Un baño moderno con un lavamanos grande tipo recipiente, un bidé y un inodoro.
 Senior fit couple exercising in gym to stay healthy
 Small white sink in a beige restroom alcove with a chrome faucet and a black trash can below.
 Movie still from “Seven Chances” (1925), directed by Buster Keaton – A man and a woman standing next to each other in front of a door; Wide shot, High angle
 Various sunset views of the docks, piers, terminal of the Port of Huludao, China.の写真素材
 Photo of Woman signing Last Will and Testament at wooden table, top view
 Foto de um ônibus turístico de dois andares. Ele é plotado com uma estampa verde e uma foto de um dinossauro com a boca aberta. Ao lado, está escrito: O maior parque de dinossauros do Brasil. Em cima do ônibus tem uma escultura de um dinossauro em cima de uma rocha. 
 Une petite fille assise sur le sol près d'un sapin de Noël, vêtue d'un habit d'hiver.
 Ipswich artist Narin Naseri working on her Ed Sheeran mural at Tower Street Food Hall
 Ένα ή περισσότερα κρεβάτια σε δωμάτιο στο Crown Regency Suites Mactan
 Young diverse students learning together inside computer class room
········
### WORK ITEM:
Could you restate every entry verbatim, please?

### TASK RESPONSE:
Un baño moderno con un lavamanos grande tipo recipiente, un bidé y un inodoro.
 Senior fit couple exercising in gym to stay healthy
 Small white sink in a beige restroom alcove with a chrome faucet and a black trash can below.
 Movie still from “Seven Chances” (1925), directed by Buster Keaton – A man and a woman standing next to each other in front of a door; Wide shot, High angle
 Various sunset views of the docks, piers, terminal of the Port of Huludao, China.の写真素材
 Photo of Woman signing Last Will and Testament at wooden table, top view
 Foto de um ônibus turístico de dois andares. Ele é plotado com uma estampa verde e uma foto de um dinossauro com a boca aberta. Ao lado, está escrito: O maior parque de dinossauros do Brasil. Em cima do ônibus tem uma escultura de um dinossauro em cima de uma rocha. 
 Une petite fille assise sur le sol près d'un sapin de Noël, vêtue d'un habit d'hiver.
 Ipswich artist Narin Naseri working on her Ed Sheeran mural at Tower Street Food Hall
 Ένα ή περισσότερα κρεβάτια σε δωμάτιο στο Crown Regency Suites Mactan
 Young diverse students learning together inside computer class room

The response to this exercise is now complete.